妹と人生を入れ替えました~皇太子さまは溺愛する相手をお間違えのようです~
「姉さま、本当にお元気そうで何よりですわ。お父様やお母様、紀柳達も皆元気なのかしら?」


 華凛は朗らかに微笑みつつ、そっとわたしのことを覗き込む。


「――――そんなことより、華凛! 一体どうなってんのよ!」

「……どう、とは? 家のことは恙無く引き継げたと思っておりましたが」


 本当は華凛みたいに当たり障りのない内容から話し始めるべきだって分かっている。だけど、わたしにはどうしてもハッキリさせたいことがあった。



「家のことじゃないわ――――憂炎のことよ! あいつ何なの⁉ めちゃくちゃベタベタしてくるんだけど! 華凛が相手だといっつもああなの?」

「ベタベタ? …………あぁ! 憂炎のスキンシップのことですわね」


 クスクス笑いながら、華凛はゆっくりと目を細める。


「憂炎の癖みたいなものだと思います。わたしを見ると、ついつい可愛がりたくなるんですって。まるで犬や猫を愛でるような――――そんな気持ちなのだと思いますわ」

「何よそれ!」


 正直わたしは、憂炎が華凛に構う所を見たことが無かった。あいつが追いかけてくるのはいつもわたしの方ばかり。双子の妹である華凛とは会話をしている所すら見たことが無かったというのに、裏ではそんなやり取りが繰り広げられていたのか――――そう思うとお腹のあたりがモヤモヤした。
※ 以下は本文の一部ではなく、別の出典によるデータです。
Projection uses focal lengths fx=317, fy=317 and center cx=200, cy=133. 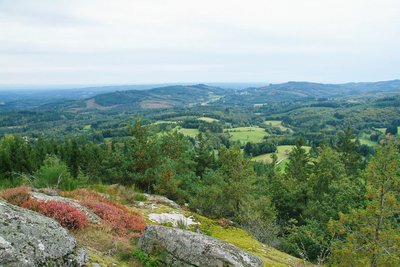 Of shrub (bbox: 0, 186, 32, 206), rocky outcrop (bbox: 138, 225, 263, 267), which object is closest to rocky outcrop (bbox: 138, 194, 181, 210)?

「バッカじゃないの、憂炎の奴! それだったら初めから華凛を妃にすればよかったのに……!」


 わたしは開いた口が塞がらないまま、眉間に皺を寄せた。


「……うーーん、そうですねぇ。確かにそちらの方が良かったのかもしれません。
だって、実際問題憂炎ったら、わたくしが入内してから一度もこの宮殿には足を運んでくださらないんですもの」

「えっ⁉ 嘘……そうなの⁉ 」


 言いながら、わたしはもう一度目を見開いた。


「ええ。お蔭でわたくしは張り合いのない毎日を送っていますわ。お食事も毒見後の冷たいものしか食べられませんし、姉さまの仰っていた『飼い殺し』って言葉がしっくりくる状況ですの」


 華凛はそう言って悲し気に目を伏せる。気づけばわたしの怒りは頂点に達していた。


(あの男、『凛風は毎日元気にしている』なんて言ってたくせに)


 その実、宮殿に顔すら見せていないとは――――とんだ嘘吐き野郎だ。その癖、妃じゃない『華凛』の方は猫っ可愛がりしているんだから意味が分からない。全く筋が通っていないと思う。


(そもそも、どうしてわたしが、あいつに振り回されなきゃならないんだ!)


 不要なら今すぐ『凛風』をお役御免にしてほしい。そうすれば全てが丸く収まるのに――――そう思うと、今すぐあの涼し気な顔をぶん殴ってやりたくなった。